From the second half of the nineteenth century, the artistic field where creators, intermediaries, and amateurs1 rub shoulders presents itself as a privileged site for observing the encounter between the Jews and the societies into which the latter begin to enter and integrate and between which they circulate. The faithfulness / unfaithfulness dialectic expresses fairly well the new identity stakes that are knotted there and the recompositions that accompany them, these recompositions finding matter to incarnate themselves in the visual arts and finding their place of social expression in creative milieus. At once a vector and an expression of these stakes, art presents itself indeed alternately and simultaneously as a privileged channel of insertion into global cultures and as a language of identity affirmation for the Jews. Hence the ambiguity and the difficulty, indeed the impossibility, of tracing a line of demarcation signaling where faithfulness ends, where unfaithfulness begins. A few examples.
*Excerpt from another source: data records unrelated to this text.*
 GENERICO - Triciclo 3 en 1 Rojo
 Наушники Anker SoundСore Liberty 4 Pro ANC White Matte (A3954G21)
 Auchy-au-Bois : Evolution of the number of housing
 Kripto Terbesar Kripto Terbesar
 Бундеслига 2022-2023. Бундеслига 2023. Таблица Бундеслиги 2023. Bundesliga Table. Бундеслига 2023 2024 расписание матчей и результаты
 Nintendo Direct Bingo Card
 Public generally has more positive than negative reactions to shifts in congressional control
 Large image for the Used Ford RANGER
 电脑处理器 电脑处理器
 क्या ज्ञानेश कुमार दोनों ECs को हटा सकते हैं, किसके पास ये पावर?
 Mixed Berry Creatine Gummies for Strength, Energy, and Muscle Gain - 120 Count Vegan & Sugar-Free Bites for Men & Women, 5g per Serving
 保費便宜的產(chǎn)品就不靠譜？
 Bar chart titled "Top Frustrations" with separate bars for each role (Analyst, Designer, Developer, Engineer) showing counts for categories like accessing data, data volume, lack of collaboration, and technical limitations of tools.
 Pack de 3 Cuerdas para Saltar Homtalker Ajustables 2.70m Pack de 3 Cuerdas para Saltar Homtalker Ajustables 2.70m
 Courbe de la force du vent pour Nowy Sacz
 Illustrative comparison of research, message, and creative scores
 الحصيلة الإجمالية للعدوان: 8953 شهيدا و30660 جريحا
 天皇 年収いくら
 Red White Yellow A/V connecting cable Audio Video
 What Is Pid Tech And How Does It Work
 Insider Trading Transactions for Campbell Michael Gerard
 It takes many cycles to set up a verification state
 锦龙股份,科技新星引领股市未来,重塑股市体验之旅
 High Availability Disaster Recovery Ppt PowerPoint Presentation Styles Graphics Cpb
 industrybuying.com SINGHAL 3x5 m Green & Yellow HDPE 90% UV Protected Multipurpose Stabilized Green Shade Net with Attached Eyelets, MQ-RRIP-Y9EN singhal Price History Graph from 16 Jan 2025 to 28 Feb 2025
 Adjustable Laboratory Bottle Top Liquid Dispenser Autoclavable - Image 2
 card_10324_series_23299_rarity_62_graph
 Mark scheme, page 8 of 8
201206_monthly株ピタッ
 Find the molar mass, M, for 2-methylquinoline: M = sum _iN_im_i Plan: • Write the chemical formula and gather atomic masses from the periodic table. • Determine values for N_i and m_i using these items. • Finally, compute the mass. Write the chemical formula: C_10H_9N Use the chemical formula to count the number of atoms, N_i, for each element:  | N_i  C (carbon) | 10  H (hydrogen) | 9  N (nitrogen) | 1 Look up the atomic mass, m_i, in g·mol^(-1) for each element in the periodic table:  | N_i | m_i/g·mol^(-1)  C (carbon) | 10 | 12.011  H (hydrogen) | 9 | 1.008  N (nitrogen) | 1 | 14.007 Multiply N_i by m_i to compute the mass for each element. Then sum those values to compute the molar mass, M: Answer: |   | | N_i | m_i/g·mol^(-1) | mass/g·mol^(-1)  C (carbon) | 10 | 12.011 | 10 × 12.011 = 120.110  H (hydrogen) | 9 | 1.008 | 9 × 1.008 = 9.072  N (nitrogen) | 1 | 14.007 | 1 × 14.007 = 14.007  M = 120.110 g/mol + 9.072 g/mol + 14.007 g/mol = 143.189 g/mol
Before the second half of the nineteenth century, the Jews are little present in art circles. One must wait for the turn of the nineteenth and twentieth centuries for the young Jewish bourgeoisie, then in full phase of social ascent, to begin to take an interest in art, to frequent salons and museums, to travel for pleasure, to acquire works, and for a Jewish patronage to develop. This holds true in France, in Germany, but also in Vienna, in Budapest, and, up to a point, in Russia, then in full revolutionary effervescence.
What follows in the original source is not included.